= Exercise directions =
Transcribe the listing exactly, leaving out every picture.

= Recorded information =
· · · ·

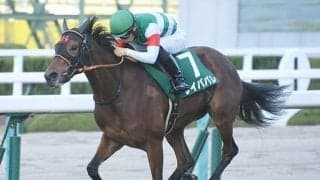 【AI予想】ビッグレース向きの資質が問われるオールカマーで“不安要素ナシ”の1頭は？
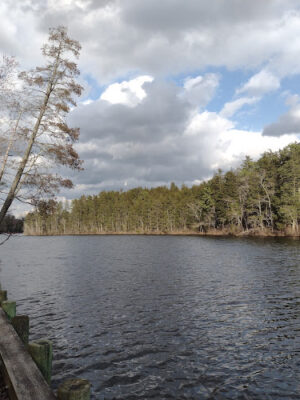 Hammonton Lake Park Trail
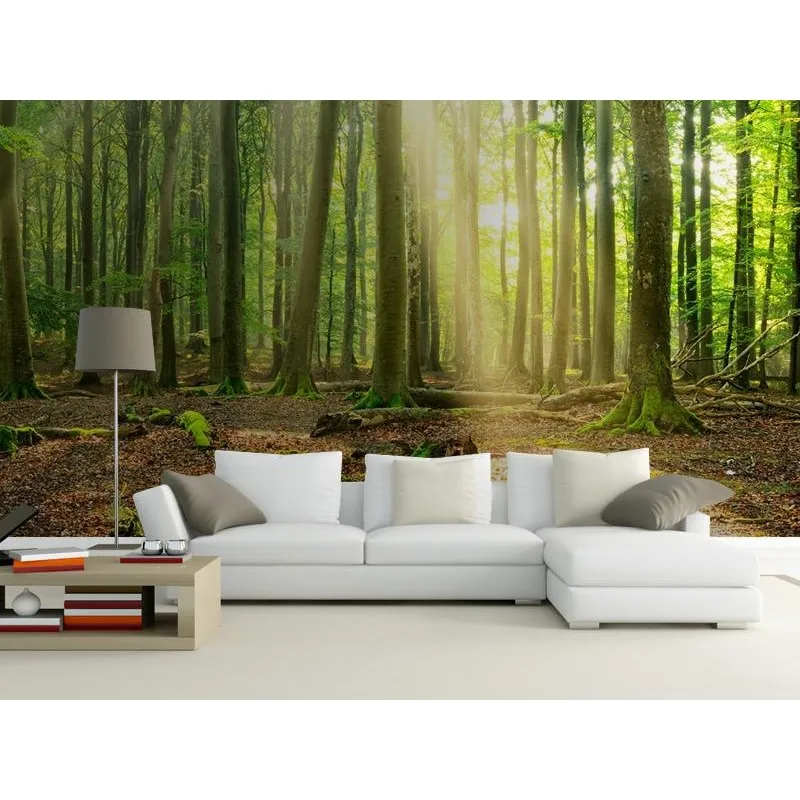 Изготовленные на заказ с художественной фотографией обои солнце лес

· · · ·

= Response area =
 【AI予想】ビッグレース向きの資質が問われるオールカマーで“不安要素ナシ”の1頭は？
 Hammonton Lake Park Trail
 Изготовленные на заказ с художественной фотографией обои солнце лес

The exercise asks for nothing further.